I've switch back to ISC DHCP to make sure it's not something else. I'll switch back to kea if there's more telemetry needed for the bug.

"ISC DHCP has reached end-of-life and will be removed from a future version of Netgate pfSense Plus. Kea DHCP is the newer, modern DHCP distribution from ISC that includes the most-requested features." is in the PfSense GUI on the Advanced /Networking page but no notice that Kea DHCP on 32-bit ARM platforms may be unstable -- as mentioned in the following forum post: https://forum.netgate.com/topic/195842/after-upgrading-to-24-11-dhcp-fails-every-10-14-days

I've got the same error on my 3100. It's happened twice since upgrading on 2025-01-04. Once with signal 6 and once with signal 11:

2025-01-06 (kea-dhcp4), jid 0, uid 0: exited on signal 6 (core dumped)
2025-01-12 (kea-dhcp4), jid 0, uid 0: exited on signal 11 (core dumped)

(edit 2025-01-17):

2025-01-17 (kea-dhcp4), jid 0, uid 0: exited on signal 6 (core dumped)
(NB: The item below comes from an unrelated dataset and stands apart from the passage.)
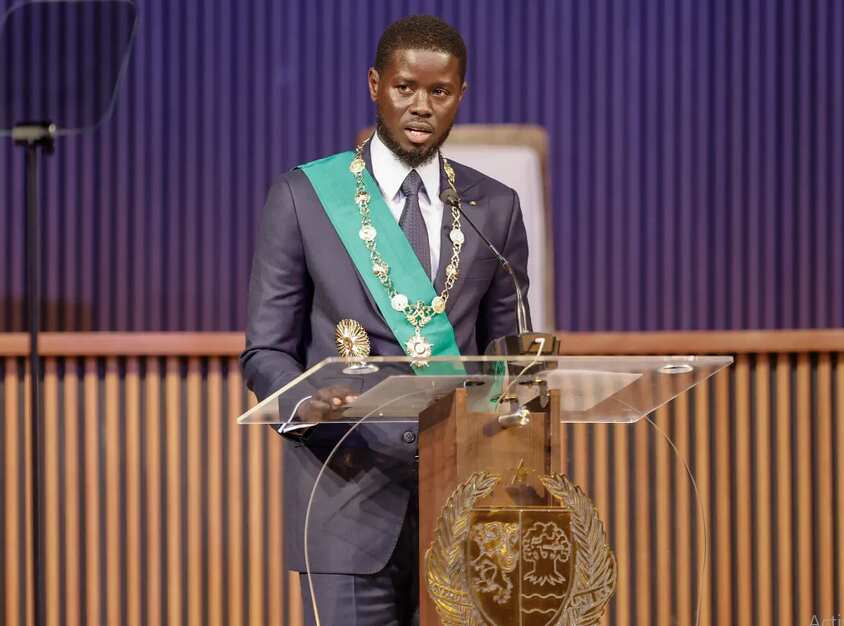 Sworn in as Senegal’s youngest president, Bassirou Diomaye Faye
So so far the cadence seems to be every 6 days or so...

Actions #2

Updated by Blaik Harvey 4 months ago

Björn Bylander wrote in #note-1:

Loh Phat wrote:

The DHCP server dies with the following log entry:

[...]

And then 5 minutes or so later kea DNS unregisters all the DCHP clients.
[...]

Are there other logs I can examine or change kea logging level to get more detail?

I've switch back to ISC DHCP to make sure it's not something else. I'll switch back to kea if there's more telemetry needed for the bug.

"ISC DHCP has reached end-of-life and will be removed from a future version of Netgate pfSense Plus. Kea DHCP is the newer, modern DHCP distribution from ISC that includes the most-requested features." is in the PfSense GUI on the Advanced /Networking page but no notice that Kea DHCP on 32-bit ARM platforms may be unstable -- as mentioned in the following forum post: https://forum.netgate.com/topic/195842/after-upgrading-to-24-11-dhcp-fails-every-10-14-days

I've got the same error on my 3100. It's happened twice since upgrading on 2025-01-04. Once with signal 6 and once with signal 11:

2025-01-06 (kea-dhcp4), jid 0, uid 0: exited on signal 6 (core dumped)
2025-01-12 (kea-dhcp4), jid 0, uid 0: exited on signal 11 (core dumped)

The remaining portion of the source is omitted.